LA: In this regard, there was reservation from the TDC over the NAT’s ability to maintain a digital archive.

 Jallab: The Tunisian experience in archiving goes back to 1874, when Grand Vizier Hayreddin Pasha created an archiving body called the “Safe of Government Writings”. The experience continued and was subsequently consolidated by the establishment of the NAT, an institution specialized in the field that maintains the entire archive of the Tunisian state. I don’t think that anyone can question the institution’s ability to maintain the archive of a body that operated for a limited time.

 We have maintained the archives of other bodies, including the National Fact-Finding Commission on Abuses Committed from 17 December 2010 to the End of its Mandate, whose archive was mostly digital. The Committee for the Revolution’s Martyrs and Wounded was subsequently able to use this archive without any problems. Furthermore, we, and the archive departments in the various institutions, were the source of most of the TDC’s archive. So how can it be said that we’re incapable of maintaining it?

 To further clarify the significant volume of our institution’s work, I’ll point out that the NAT receives more than 20,000 access to information requests from researchers and people concerned each year, and it examines all those requests. These numbers clearly refute the claim made.

 

LA: What, in your opinion, are the measures that now need to be taken to protect the TDC’s archive?

 Jallab: The TDC’s archive is a trove of knowledge and an important part of our national history for several reasons:

 Firstly, it is an aggregated, specialized archive, and this is very useful for people concerned with transitional justice.

 Secondly, in addition to the copies of several state institutions’ archives that were gathered, it includes personal archives of victims of tyranny and victims’ groups. These are documents that must be preserved so they aren’t lost.

 Thirdly – and this is very important – part of this archive pertains to the hearings for the victims of tyranny and for the torturers [jalladin]. This archive with special significance must be preserved to protect it from damage and from being leaked to parties that could try to use it in a way that harms the people who gave those testimonies.
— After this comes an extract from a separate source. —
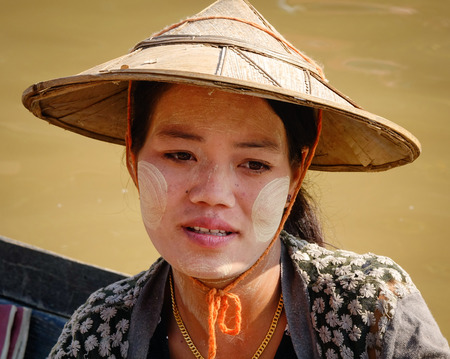 INLE LAKE, MYANMAR - FEB 15, 2015. Portrait of young Burmese woman in Inle Lake, Myanmar. Inle is one of the highest lakes at an elevation of 2,900 feet (880m).のeditorial素材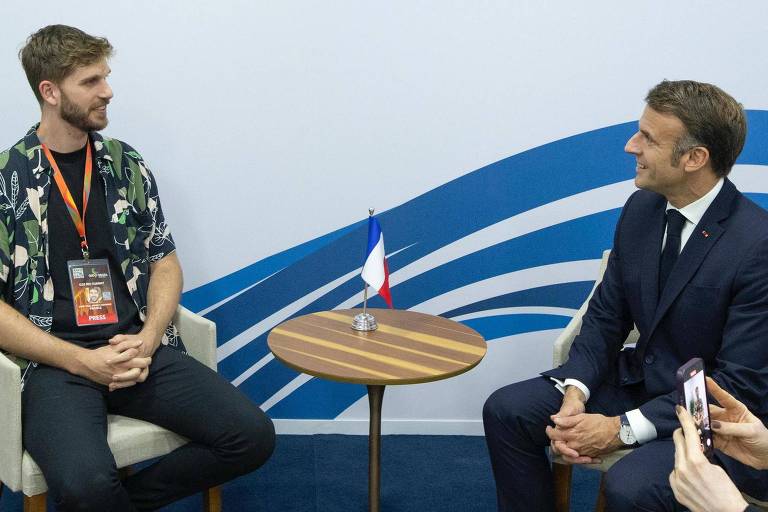 A imagem mostra um encontro durante o G20 Brasil 2024. À esquerda, um homem com cabelo curto e barba, vestindo uma camisa estampada e calças escuras, está sentado em uma cadeira. À direita, um homem com cabelo curto e bem vestido, usando um terno escuro, também está sentado. Entre eles, há uma mesa redonda com uma bandeira da França. Ao fundo, está o logotipo do G20 Brasil 2024, com as palavras 'G20 RIO SUMMIT' e 'PRÉSIDENT' em destaque.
 From our side, we will search, with the government, for ways out of the current crisis. I pledge here, from a position of responsibility, to maintain the TDC’s archive in a manner that protects the rights of everyone who helped form it, particularly those who put their trust in the TDC and gave testimonies revealing many of their lives’ secrets and now fear that those testimonies will be lost or viewed by people who won’t keep their secrets.

 

This article is an edited translation from Arabic.

 

Keywords: Tunisia, Transitional justice, Archive, TDC

 

[1] The memo was published within the final report’s appendices.

[2] Article 40 of the Transitional Justice Law stipulates, “To perform its functions, the Commission shall have the following powers: Access to public and private archives, regardless of all restrictions contained in legislation in force”.

[3] Law no. 95 of 1988 on the Archive, dated 2 August 1988.